%%

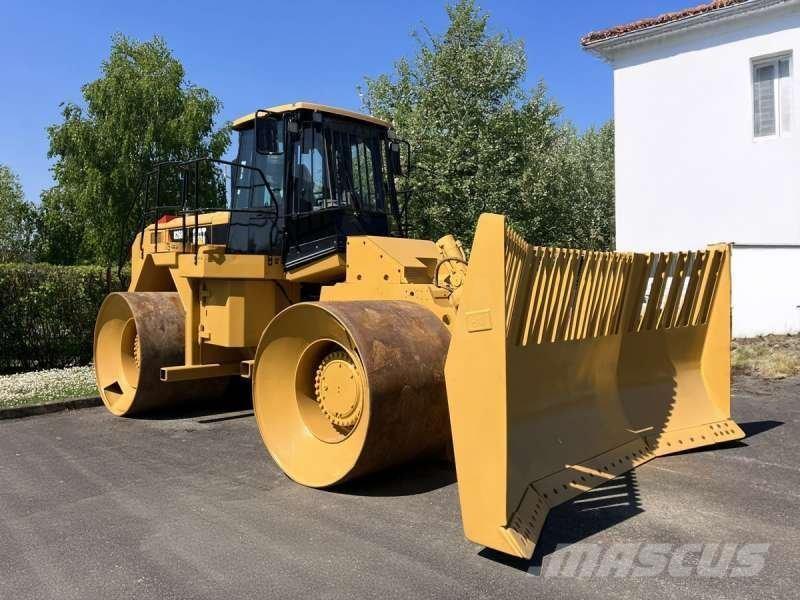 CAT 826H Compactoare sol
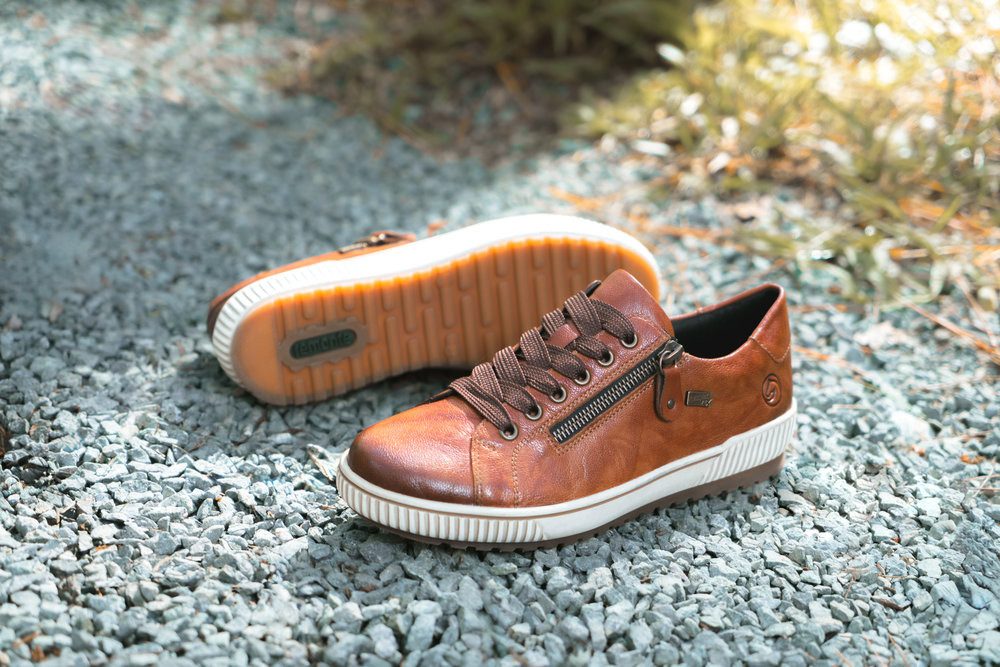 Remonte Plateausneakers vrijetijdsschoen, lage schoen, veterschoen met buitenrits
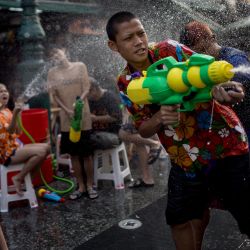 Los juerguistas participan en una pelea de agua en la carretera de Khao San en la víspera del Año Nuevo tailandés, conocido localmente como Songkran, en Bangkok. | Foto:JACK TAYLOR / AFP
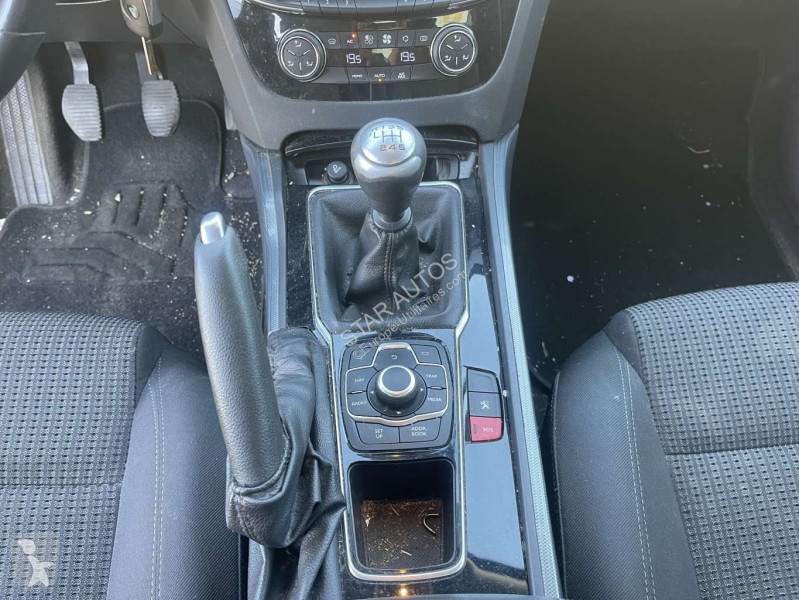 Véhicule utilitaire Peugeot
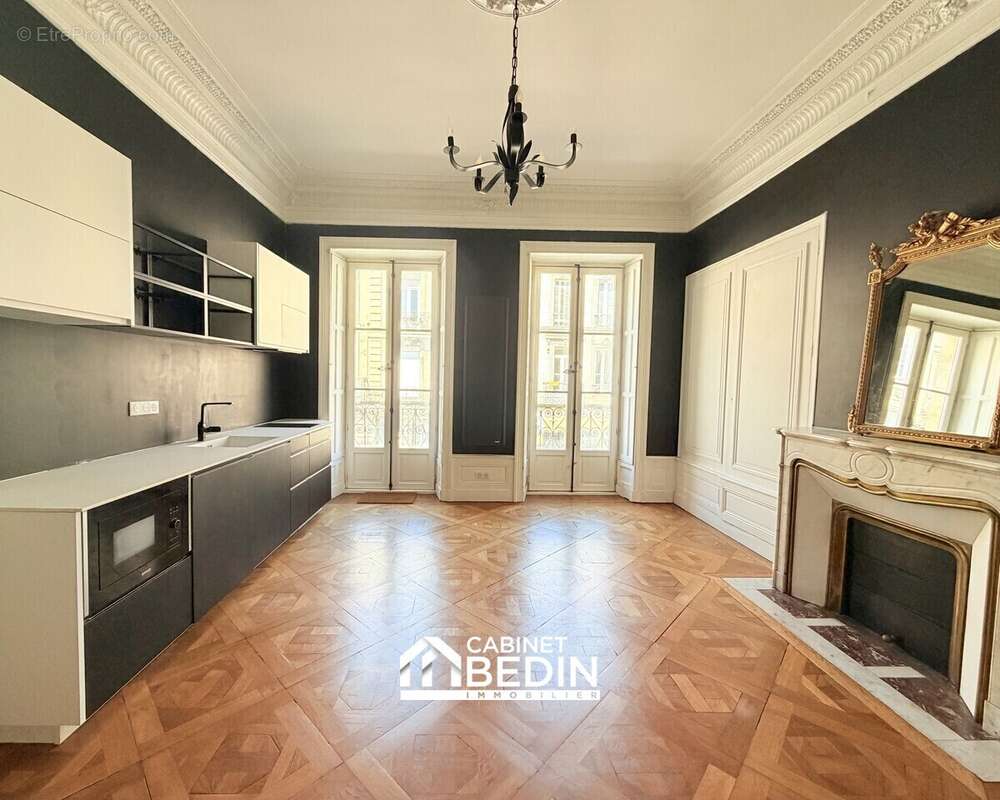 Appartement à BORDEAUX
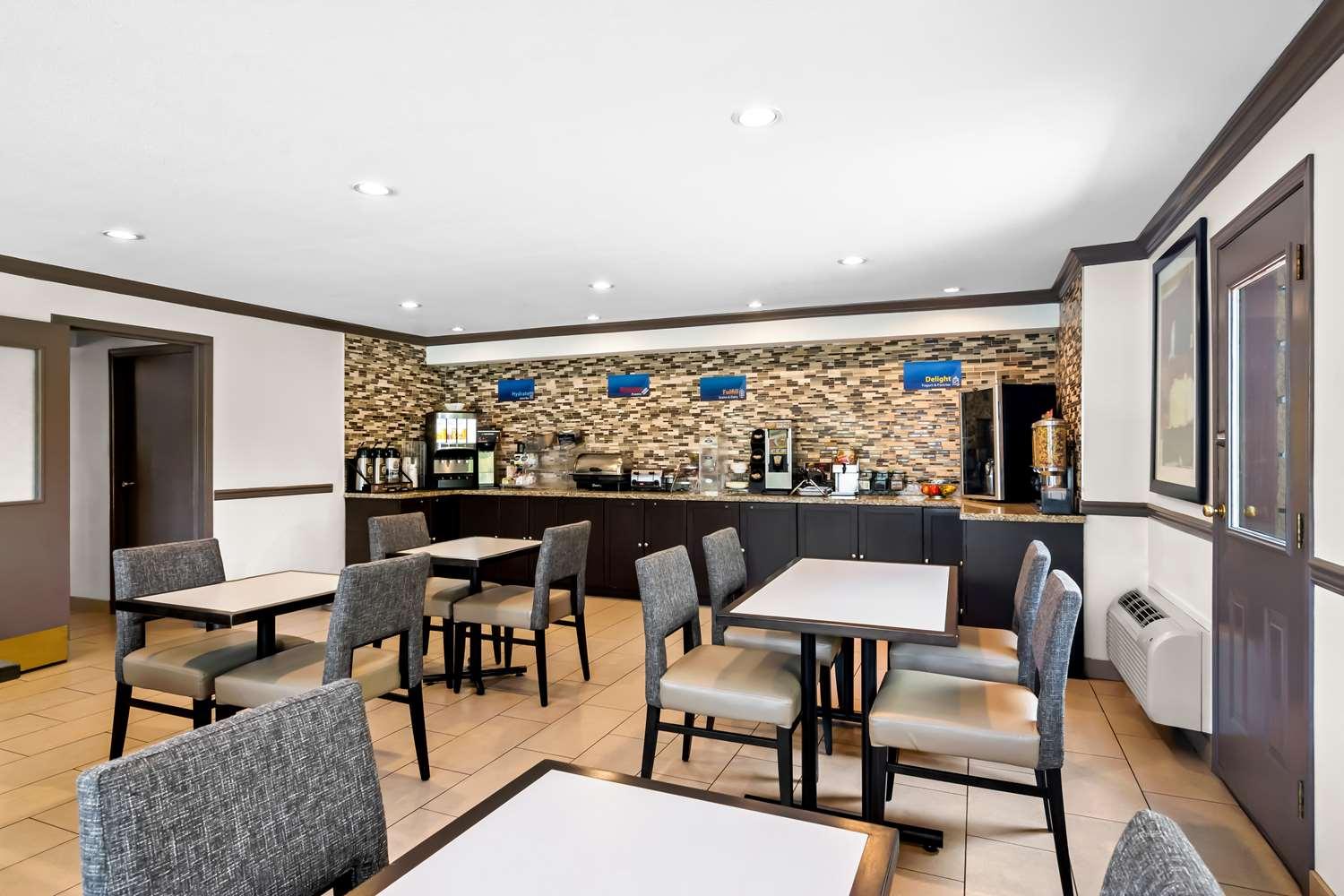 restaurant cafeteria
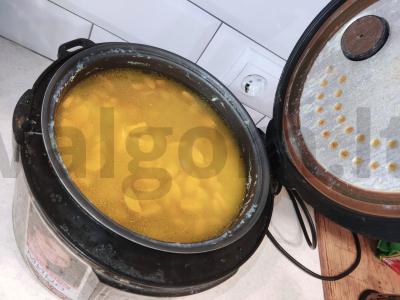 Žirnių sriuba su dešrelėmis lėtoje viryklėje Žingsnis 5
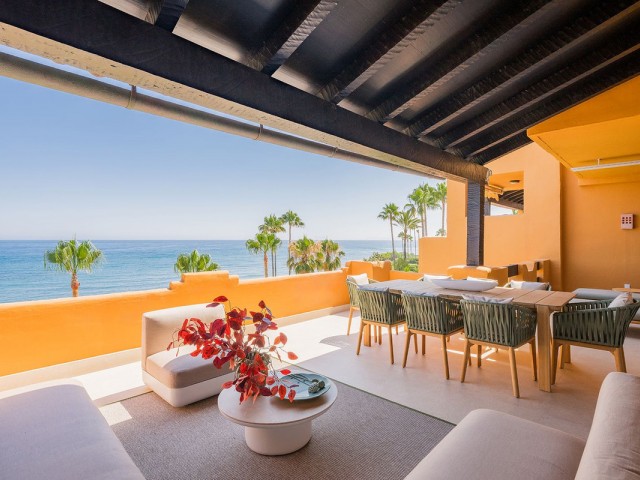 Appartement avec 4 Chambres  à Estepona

%%

▶ Task prompt
Set down the entries above word for word, but drop any image.

▶ Final answer
 CAT 826H Compactoare sol
 Remonte Plateausneakers vrijetijdsschoen, lage schoen, veterschoen met buitenrits
 Los juerguistas participan en una pelea de agua en la carretera de Khao San en la víspera del Año Nuevo tailandés, conocido localmente como Songkran, en Bangkok. | Foto:JACK TAYLOR / AFP
 Véhicule utilitaire Peugeot
 Appartement à BORDEAUX
 restaurant cafeteria
 Žirnių sriuba su dešrelėmis lėtoje viryklėje Žingsnis 5
 Appartement avec 4 Chambres  à Estepona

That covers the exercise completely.